渡邉心乃美|山形市印鑰神明宮所蔵蕨手刀の型式学的検討
宮城県出身
青野友哉ゼミ
山形市指定有形文化財に登録されている蕨手刀は鈴川町に鎮座する印鑰神明宮にて所有、保管されている刀であるが、これまで詳細な調査研究はされておらず、研究者ごとに計測結果に差異がみられる状況にある。
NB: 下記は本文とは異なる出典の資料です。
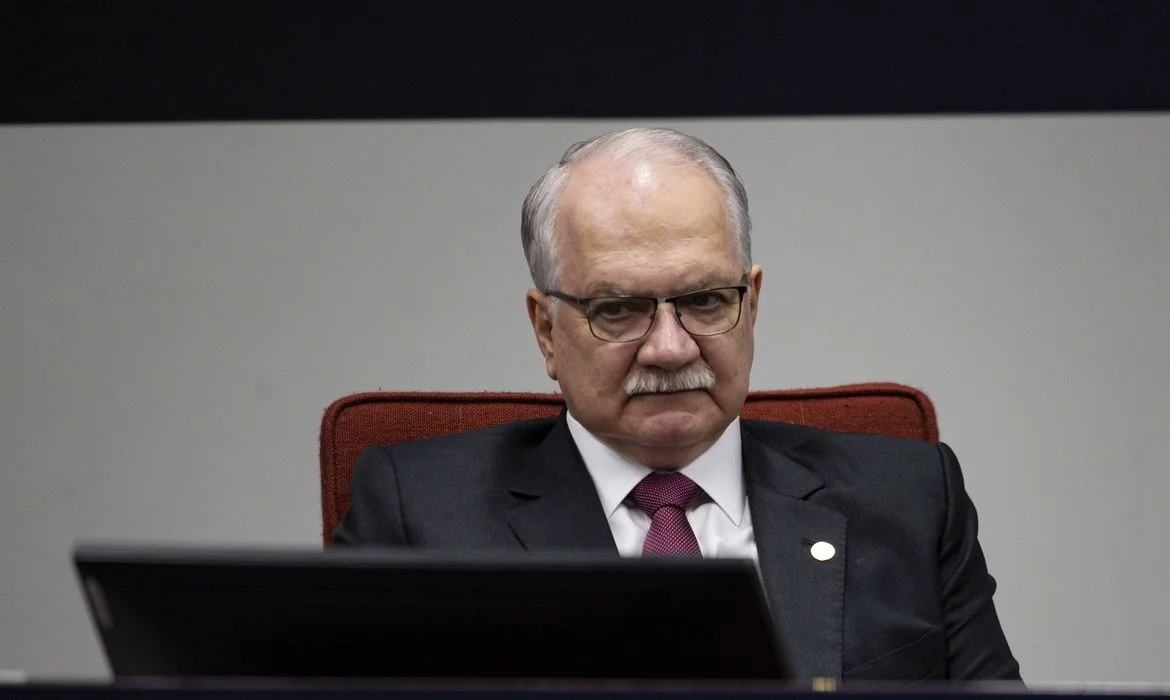 Fachin retira pedido de Moraes contra Mendonça do inquérito das fake news abc+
本論では黒済和彦(2018)の型式分類を用いて分析を行うと同時に、X線写真撮影と実測図(図1)の作成を行った。
蕨手刀の先行研究では型式学は戦前、柄と刃の長さの割合から新旧を求める方法が用いられていたが、戦後には各地で復興による開発が進み資料数が大幅に増加し、石井昌国や八木光則、黒済などにより法量だけでなく刀にみられる特徴も加味した型式分類が行われている。出自は関東?中部地方を起源とする説が多く、分布は関東?中部地方から西国に拡散、東北?北海道へと北上する傾向がみられており、出土数が最も多い東北地方の分布は岩手県を中心とする太平洋側の地域に、そして本論の対象地域である山形県では置賜、村山地域などの南東地域に集中することが明らかとなっている(図2)。
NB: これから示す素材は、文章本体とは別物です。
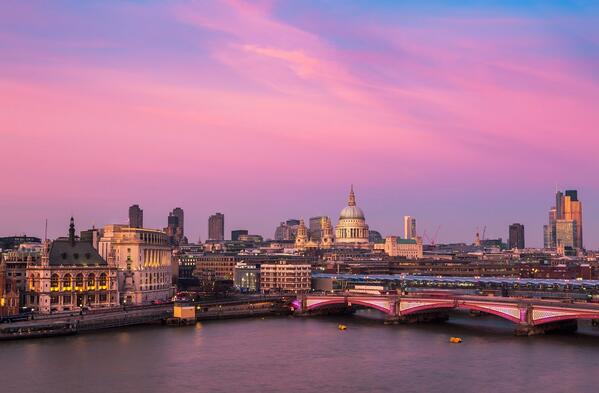 southbanklondon's tweet photo. Pink sky at night, South Bank's delight. http://t.co/nTGnCSdNfF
研究対象である印鑰神明宮所蔵蕨手刀は明治23年10月に出土、昭和40年に市指定有形文化財に登録されており、出土遺構に関しては明治23年に山形市で起こった洪水被害にあった土地を開墾していた際に出土したため不明とされている。刀の法量は全長34cm、柄長11cm、刃長23cm、元幅4.2cm、柄反り2.5cm、柄絞り4cmで、状態は全体が錆に覆われている。実物観察とX線写真撮影の結果、計測結果が二分していた区は両区に、柄部に目立った欠損は見られないが刃部は鋒先と下部の大部分が欠損していることが明らかになった(図3)。 刃部の欠損具合から、本来の刃部は柄元から鋒先付近まで一定の幅を維持した形状になると推測している。印鑰神明宮所蔵蕨手刀の型式だが、例外の少ない要素に限定し柄反り2cm、絞り4cm以上、元幅5cm以下の型式に絞り込むと9世紀前~中葉頃の黒済分類Ⅲ新類が該当する結果となるが、今回は比較対象が蕨手刀のみであったため、今後は蕨手刀以外の古刀とも比較検証し年代の再検討を行う必要がある。また、本論の調査中に実物観察とX線写真から柄元に長方形状の盛り上がり部分を確認できたが、現時点で調査の継続は困難であると判断したため、追求については今後の課題としたい。